> PROBLEM TO SOLVE
Exercise in exact copying: restate word for word only the lines below from the one containing "Building Photo - 405 Valley Ave SE" through the one containing "Массажная кушетка с вырезом", omitting any pictures.
═══ DATA PROVIDED ═══
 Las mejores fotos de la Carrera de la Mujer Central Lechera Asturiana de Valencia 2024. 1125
═══
═══ DATA PROVIDED ═══
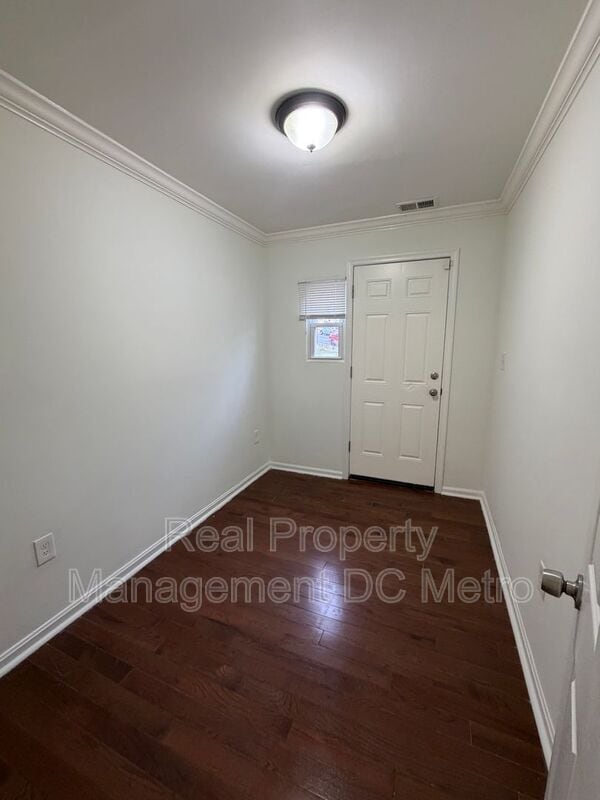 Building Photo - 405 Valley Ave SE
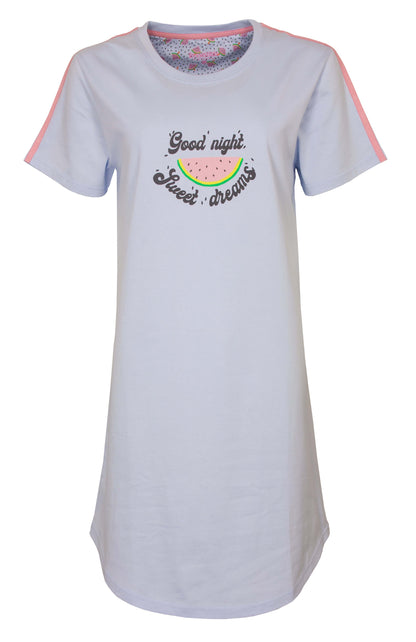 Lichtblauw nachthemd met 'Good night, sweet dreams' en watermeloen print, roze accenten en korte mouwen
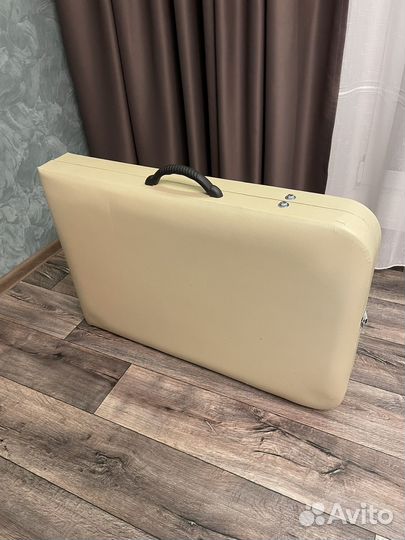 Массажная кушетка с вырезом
═══
> RESULT
 Building Photo - 405 Valley Ave SE
 Lichtblauw nachthemd met 'Good night, sweet dreams' en watermeloen print, roze accenten en korte mouwen
 Массажная кушетка с вырезом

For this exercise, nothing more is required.